Wenn wir also eine neue Ansicht auf dieses Leben gewinnen wollen, müssen wir auch gewillt sein, unsere alten Ansichten und Vorstellungen über Bord zu werfen. Anstatt uns an ihnen festzuhalten — uns gegen Veränderungen zu wehren und dabei starr und unbeweglich zu bleiben — müssen wir uns öffnen, um Neues aufnehmen zu können. Wir müssen bereit sein, uns zu entwickeln. Das Bewusstsein von Liebe entsteht durch Entwicklung. Und was treibt die Entwicklung voran? Veränderung. Es gibt kein Wachstum und kein Leben ohne Veränderung. Starre — der Widerstand oder das Fehlen jeglicher Veränderung — ist Tod. Um zu überleben, muss man sich dem Leben anpassen: Wenn wir weiterkommen wollen, müssen wir bereit sein, uns zu verändern und das Alte hinter uns lassen.

Die Geschichte zeigt, dass Größe immer mit dem Bruch der alten Vorstellungen einherging. Jesus brach mit der Tradition ebenso wie Buddha. Wenn wir uns weiterentwickeln, stellen sich Meinungen und Urteile, die wir einst einmal fraglos akzeptiert haben, als veraltet und bedeutungslos heraus.
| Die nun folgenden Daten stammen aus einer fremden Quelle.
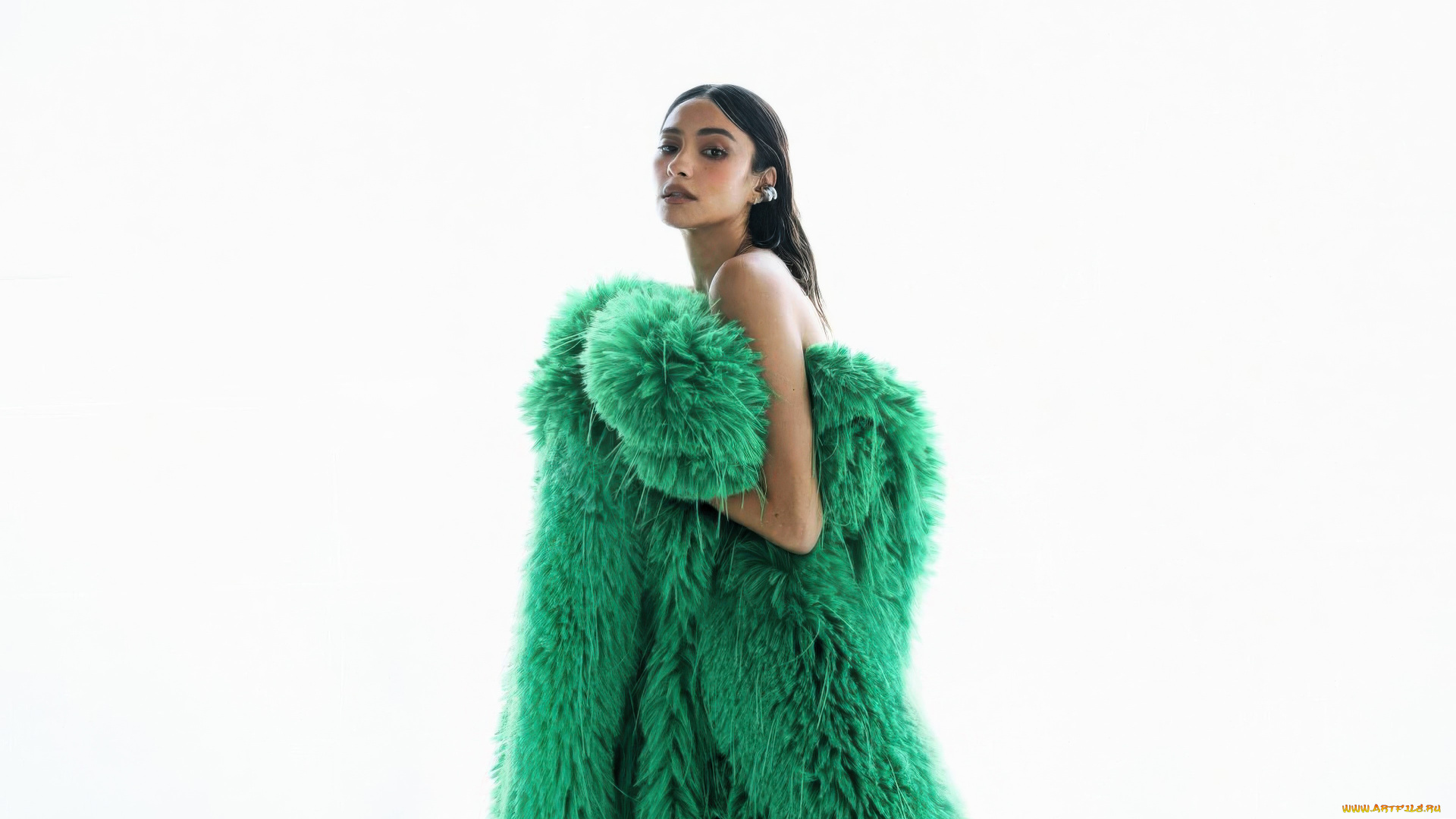 девушки, shay, mitchell, брюнетка, одеяло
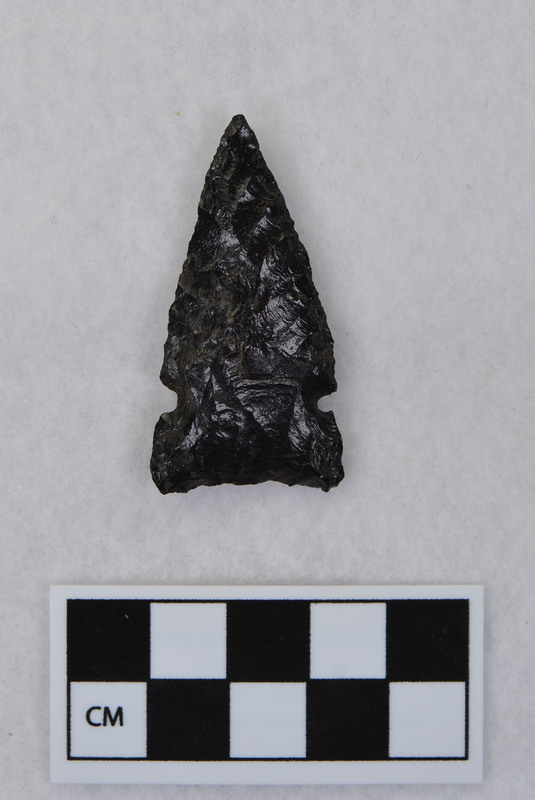 Side notched, associated w/Ce.7726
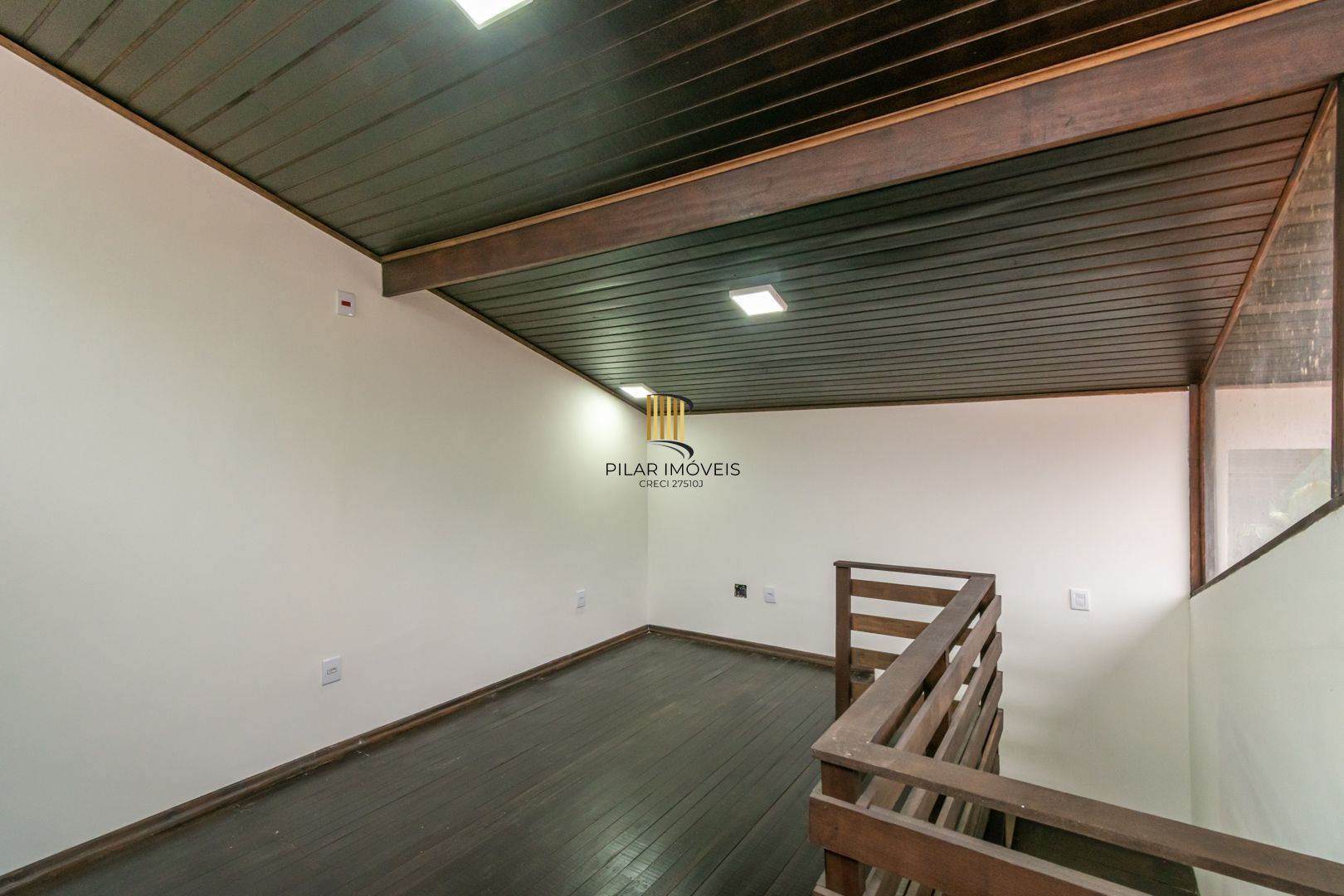 Casa sobrado no bairro Cristal de 3 dormitórios e 3 vagas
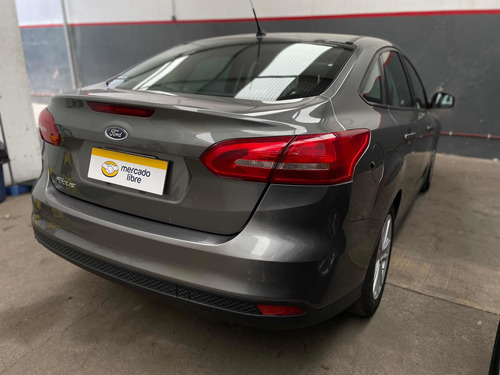 Imagen 6 de 9 de Ford Focus Iii 2016 1.6 Sedan S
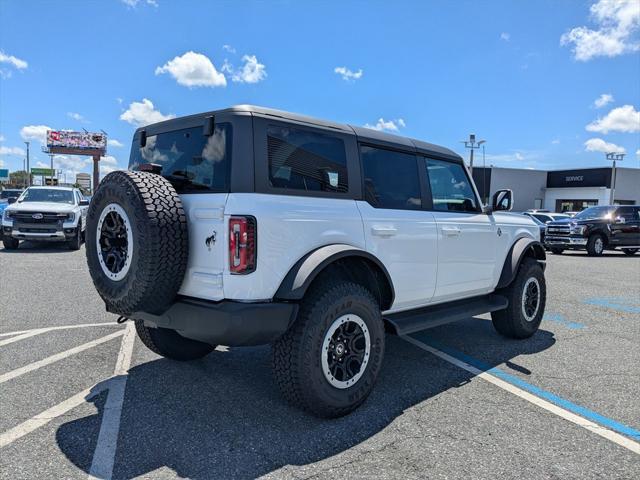 Photo of 2025 Oxford White Ford Bronco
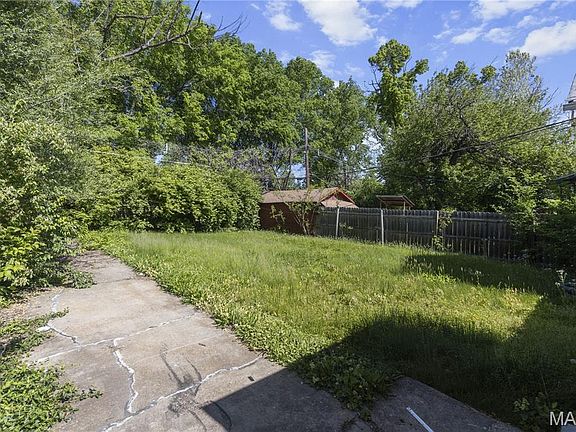 3rd image of 1467 Engelholm Ave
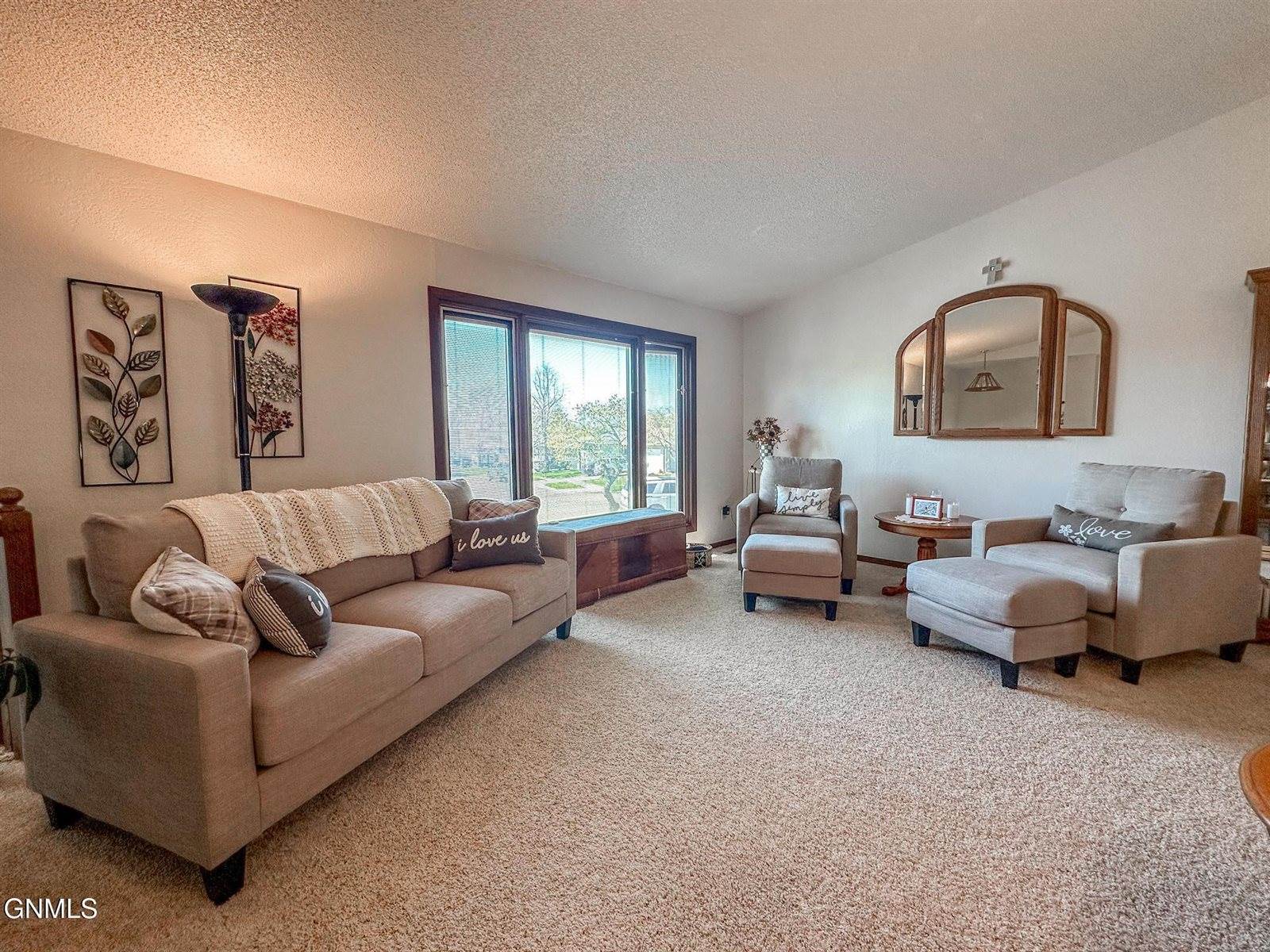 3064 Ontario Lane, Bismarck, ND 58503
Es ist Zeit, uns von all dem zu befreien, woran wir hängen und die Ideen und Meinungen aufzugeben, die unser Bewusstsein ausgefüllt haben.

Das Bewusstsein entwickelt sich. Ohne Veränderung gibt es keine Entwicklung.

Es ist so befreiend, leer zu sein! Keine Meinungen, Ideen, Grenzen, Widerstände haben. Zum Universum "Ja" sagen, "Ja" zur gesamten Schöpfung als einem Ort der Freude. Das kann, wer das Leben umarmt, ohne sich ständig einzumischen, wer sich fallen lässt in alles, was ist und sich in unsere gegenwärtige Realität verliebt. Das ist die wahre Liebe — die Liebe eines Einzelnen zum Leben selbst, für sich selbst, aus Freude am Sein.

Deshalb werden Sie in diesem Buch eher etwas verlernen, anstatt etwas zu lernen. Im ersten Teil werde ich Sie mit den häufigsten allgemein akzeptierten Illusionen konfrontieren, mit den meisten Lügen, die wir als gemeinsame Realität anerkannt haben, die aber mit Angst belastet sind und einschränken. Ein paar dieser Illusionen haben die gleichen Wurzeln und so überschneiden sich manche. Möglicherweise stellen Sie fest, dass Sie sich mit der einen mehr identifizieren können als mit der anderen, oder dass die eine für Ihr Leben zutreffender ist als die andere, daher schließe ich deren unterschiedlichen Wiederholungen mit ein, damit Sie die vielen Variationen erkennen können, in denen sie sich manifestieren.

Der Rest des Buches stellt einige der Probleme des täglichen Lebens dar, die von den genannten Illusionen erschaffen werden. Im zweiten Teil betrachten wir, wie diese Illusionen unsere zwischenmenschlichen Beziehungen unterminieren und die verschiedenen Rollen, die jeder von uns in seinem Leben spielt. Anstatt die uns vorgegebenen Klischeevorstellungen aufrechtzuerhalten, die uns die Art und Weise diktieren, wie wir unserer Rolle als Mutter, Vater, Mann, Frau, Liebhaber, Geliebte, Ehemann, Ehefrau, Arbeitnehmer oder Chef gerecht werden, können wir diese Rollen aus einem Zustand des Bewusstseins von Liebe heraus viel wirkungsvoller, freudiger und leidenschaftlicher als jemals zuvor ausfüllen. Teil 3 bietet konkrete Vorschläge dafür, wie wir unser Bewusstsein von Liebe in diesem schnelllebigen, sprunghaften neuen Jahrhundert, in dem wir leben, ausdrücken können.